Op 20 november 2019 heeft de Rechtbank Gelderland uitspraak gedaan in een strafzaak tegen een verdachte die beschuldigd werd van bedreiging van een hulpverlener. De zaak vond plaats in Arnhem en betreft een incident dat op 1 augustus 2019 plaatsvond in Rekken. De verdachte, die thans gedetineerd is, heeft tijdens een confrontatie met de hulpverlener, die werkzaam was bij Trajectum, dreigende uitspraken gedaan en met een insulinepen, die hij in zijn hand had, prikkende bewegingen gemaakt. De officier van justitie stelde dat de verdachte zich schuldig had gemaakt aan bedreiging, zowel met woorden als met de insulinepen. De verdediging pleitte voor vrijspraak, maar de rechtbank oordeelde dat de verklaringen van de hulpverlener en getuigen overtuigend waren en dat de verdachte daadwerkelijk de bedreigingen had geuit. De rechtbank achtte de bedreiging met een misdrijf tegen het leven en met verkrachting bewezen. De verdachte werd veroordeeld tot een gevangenisstraf van vier maanden, met aftrek van de tijd die hij in voorlopige hechtenis had doorgebracht. De rechtbank hield rekening met de psychische problematiek van de verdachte en de impact van zijn daden op de hulpverlener. De vordering van de benadeelde partij voor schadevergoeding werd afgewezen, omdat er geen wettelijke basis voor smartengeld was in deze omstandigheden.

Uitspraak

RECHTBANK GELDERLAND
Team strafrecht
Zittingsplaats Arnhem
Parketnummers : 05/185878-19, 18/720287-16 (TUL) en 18/720307-18 (TUL)

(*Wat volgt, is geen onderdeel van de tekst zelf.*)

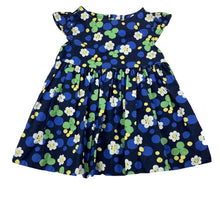 Load image into Gallery viewer, Girls Gymboree, navy floral cotton dress, wash fade, FUC, size 0, L: 41cm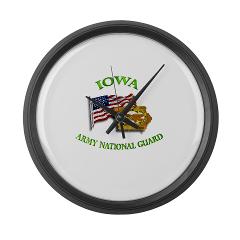 IowaARNG - M01 - 03 - DUI - IOWA Army National Guard WITH FLAG - Large Wall Clock - Click Image to Close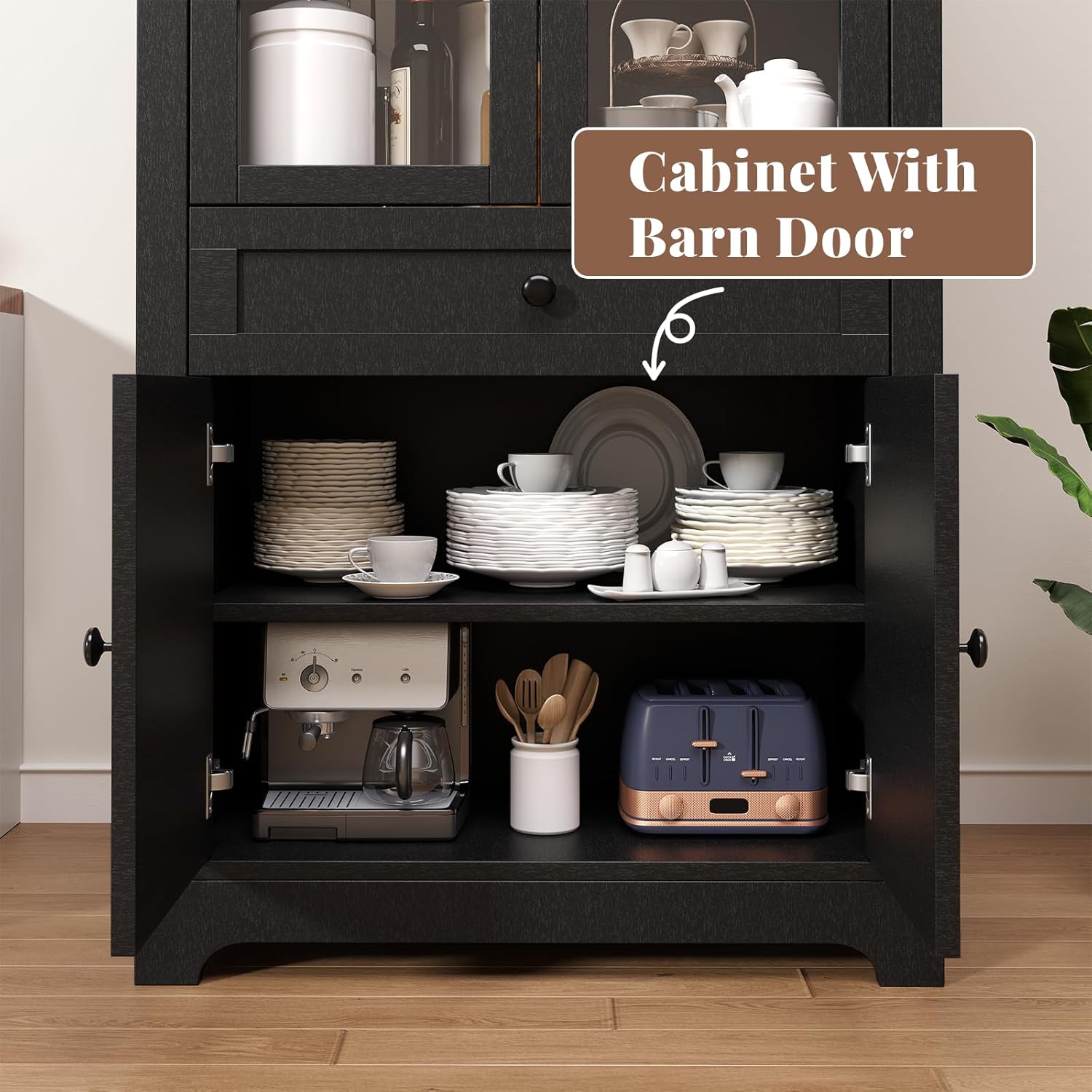 71" Tall Farmhouse Arched Storage Cabinet with Glass Door, Drawer and Barn Door, Versatile Pantry for Kitchen, Dining Room, Bathroom, Black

Datum uitspraak : 20 november 2019
Tegenspraak
vonnis van de meervoudige kamer
in de zaak van
de officier van justitie
tegen
[verdachte]
geboren op [geboortedatum] 1981 te [geboorteplaats] , wonende te [adres] , thans gedetineerd te PPC Den Haag,
raadsman: mr. J.H. Hofstede, advocaat te Doetinchem.

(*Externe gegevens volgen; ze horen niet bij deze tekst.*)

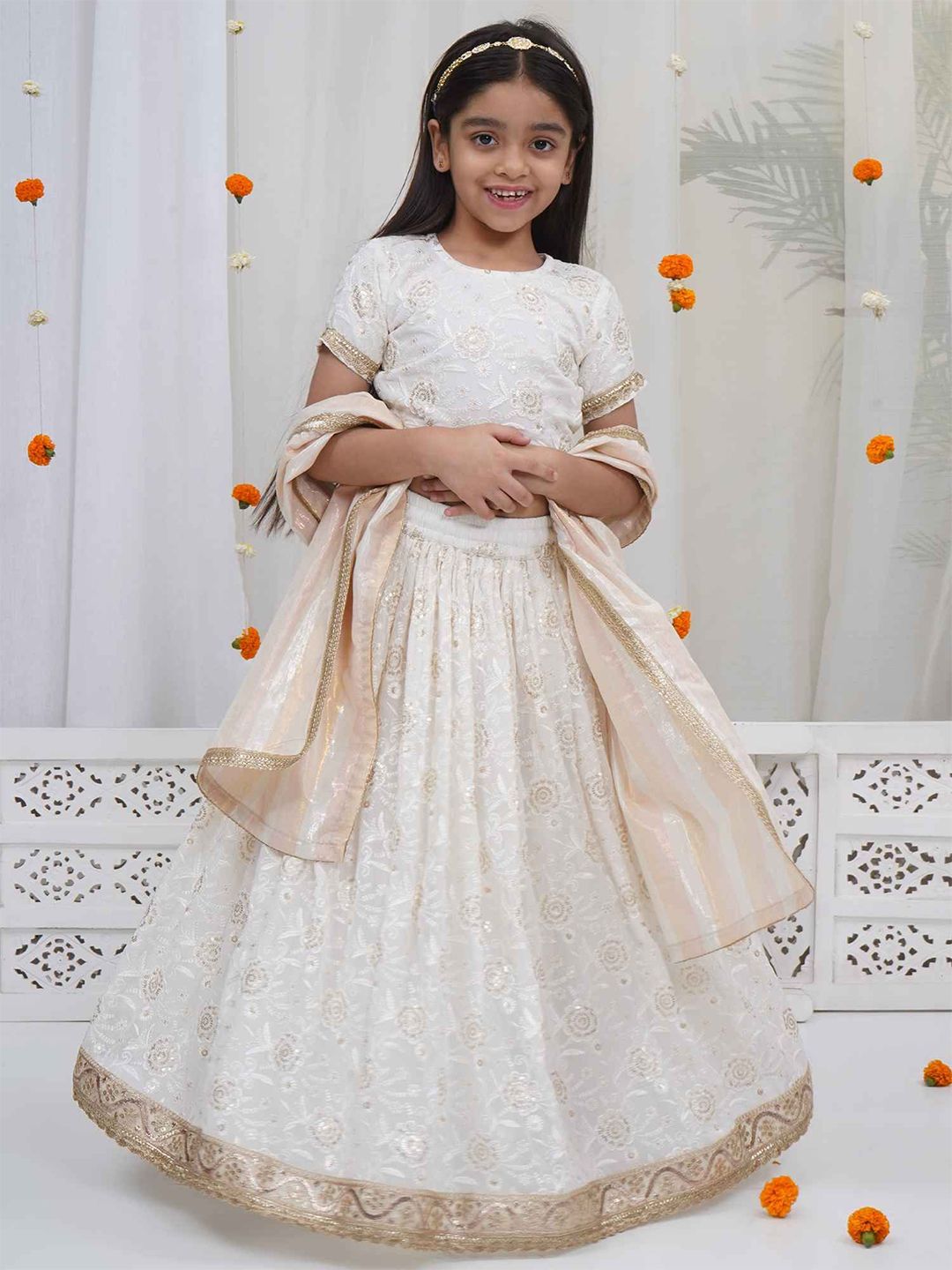 Little Bansi Girls Embroidered Sequinned Ready to Wear Lehenga & Blouse With Dupatta-picture-26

Dit vonnis is gewezen naar aanleiding van het onderzoek op de terechtzitting van 6 november 2019.
1. De inhoud van de tenlastelegging [1]
Aan verdachte is verweten dat hij op of omstreeks 1 augustus 2019 [slachtoffer] heeft bedreigd door met een insulinenaald/pen gooiende en/of prikkende bewegingen te maken en te roepen: "als ik je spuit dan ga je dood" en/of "ik maak je dood" en/of "ik ga je verkrachten".

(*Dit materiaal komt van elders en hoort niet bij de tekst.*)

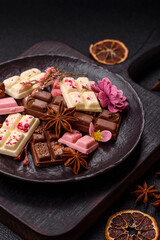 Multicolored handmade chocolate bars pink, white, brown colors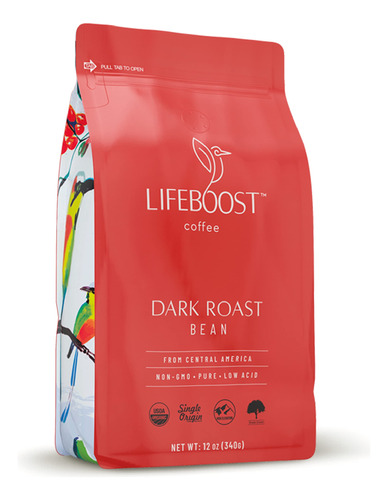 Lifeboost Cafe De Grano Entero Tostado Oscuro  Cafe Organic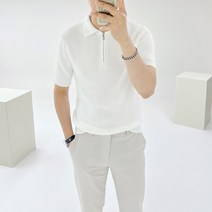 아도르클래식 젠틀 카라 지퍼 헨리넥 시원한 봄 여름 니트
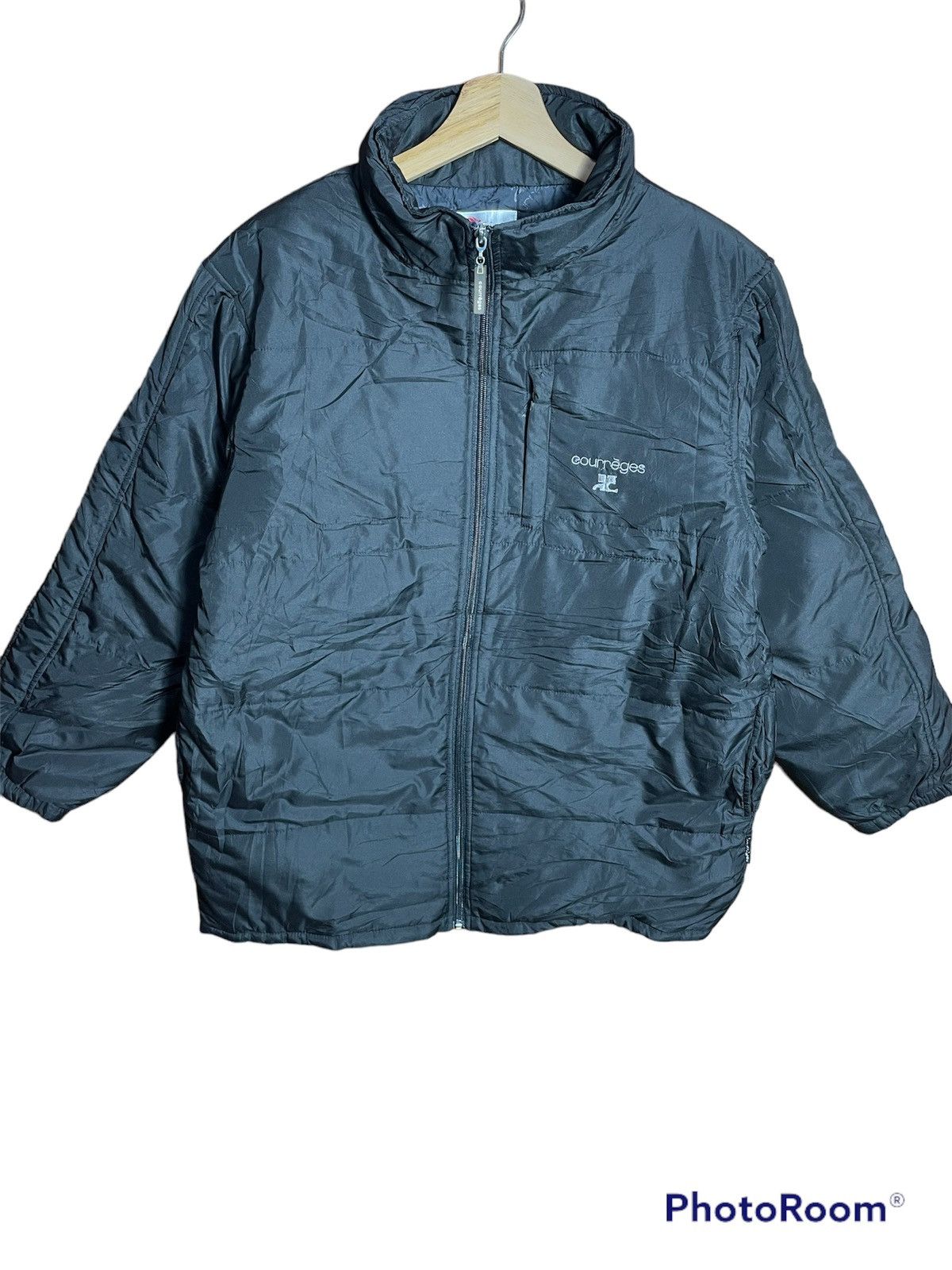 image of Courreges Coureges Bomber Puffer Jacket in Black, Men's (Size Medium)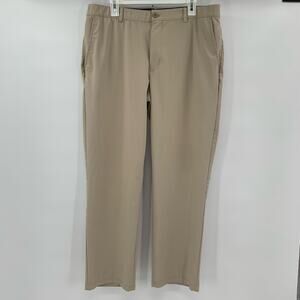 IZOD Golf Mens 38x32 Pants Khaki Beige Logo Lightweight Comfy Stretch Straight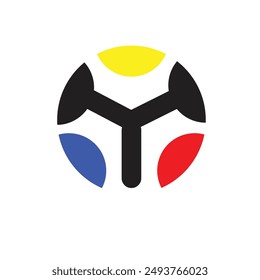 Círculo logo y símbolo Vector Plantilla App logo icono rojo, azul, negro 
 y amarillo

2. Overwegingen ten aanzien van het bewijs [2]
Het standpunt van de officier van justitie
De officier van justitie heeft gesteld dat bewezen kan worden dat verdachte zich schuldig heeft gemaakt aan de bedreiging van aangeefster, zowel met woorden als met de pen (inclusief naald).
Het standpunt van de verdediging
De verdediging heeft vanwege de ontkenning van verdachte vrijspraak bepleit van het onderdeel van de tenlastelegging dat ziet op de prikkende/gooiende beweging met de insulinepen en met name de naald. Verder levert de zinsnede “als ik je spuit dan ga je dood” niet zonder meer een bedreiging op. Tot slot heeft verdachte niet tegen [slachtoffer] persoonlijk geroepen “ik ga je verkrachten”.
Beoordeling door de rechtbank
Aangeefster [slachtoffer] heeft verklaard dat zij als begeleider bij Trajectum, gelegen aan de Panovenweg in Rekken, werkt. Op 1 augustus 2019 was zij aan het werk op afdeling De Stuw. Omstreeks 17:45 uur kwam verdachte terug op de groep, waarna hij om zijn medicatie vroeg. Aangeefster liep met verdachte mee.
Verdachte spoot zichzelf met de insulinepen in zijn buik en keek aangeefster toen aan. Hij stak zijn hand met daarin de insulinepen met naald (zonder dop) naar voren en zei daarbij: “wat is het resultaat als ik dit bij jou doe”. Verdachte vervolgde: “jij gaat dood, ik vermoord jou”. Op dat moment stond aangeefster nog geen meter van verdachte af. Verdachte zei: “Jij gaat dood als ik jou hier mee steek”. Verdachte heeft naast diabetes ook hepatitis en syfilis, aldus aangeefster.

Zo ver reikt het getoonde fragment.